La convention sur le changement climatique est entrée en vigueur en 1994 et elle regroupe aujourd’hui 195 états. Son instance principale en sont les COP « Conférences of Parties » qui réunissent tous les ans, en décembre, les chefs d’états et de gouvernements et les représentants des différents pays ainsi que les « major groups » qui regroupent les ONG, syndicats, entreprises et collectivités locales.
En 1997, le protocole de Kyoto est élaboré par la convention cadre et sera ratifié par de nombreux pays, mais sans les Etats-Unis.

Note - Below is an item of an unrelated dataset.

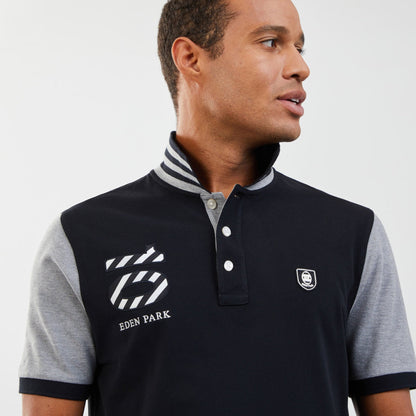 Black Colour-Block Polo With Circled Embroidery 10_H23MAIPC0008_NO_06
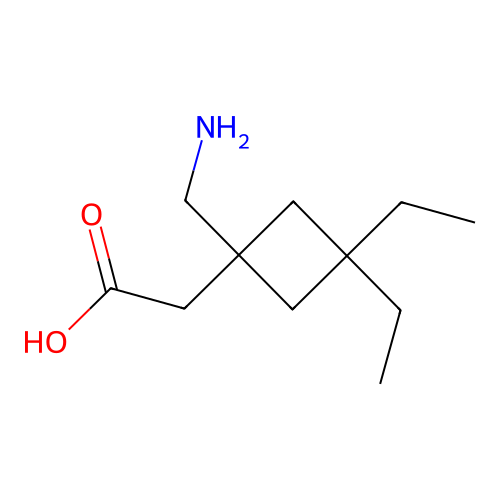 2-[1-(Aminomethyl)-3,3-diethylcyclobutyl]acetic acid structure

L’accord de Kyoto s’est appuyé sur les conclusion du GIEC, le groupe international des experts du climat, un organisme crée en 1988 par le G7 sous l’égide du programme des Nations-Unies sur l’environnement et l’Organisation Météorologique Mondiale, Margaret Thatcher et Ronald Reagan ayant insisté pour inclure l’OMM dans la création du GIEC pour ne pas laisser trop de pouvoir à une agence de l’ONU.
Le protocole de Kyoto était un accord contraignant, et il s’est appuyé sur un principe fondamental de la convention cadre, celui des « responsabilités communes mais différenciées » des différents pays face au changement climatique. Ce principe prend en compte la responsabilité particulière des pays industrialisés dans l’usage des énergies fossiles et en fait découler des obligations spécifiques en terme de réduction des gaz à effet de serre et de financement des coûts d’adaptation des pays en développement au changement climatique et des coûts de la transition vers des modèles énergétiques basées sur les énergies renouvelables.
L’échec de Copenhague et la modification des règles du jeu par la CCNUCC
Le protocole de Kyoto prévoyait différentes périodes d’engagement, la première se terminant en 2012, et la conférence de Copenhague, la COP15, en décembre 2009, devait aboutir à un accord général, incluant les non-signataires du protocole de Kyoto, dont les Etats-Unis d’Amérique.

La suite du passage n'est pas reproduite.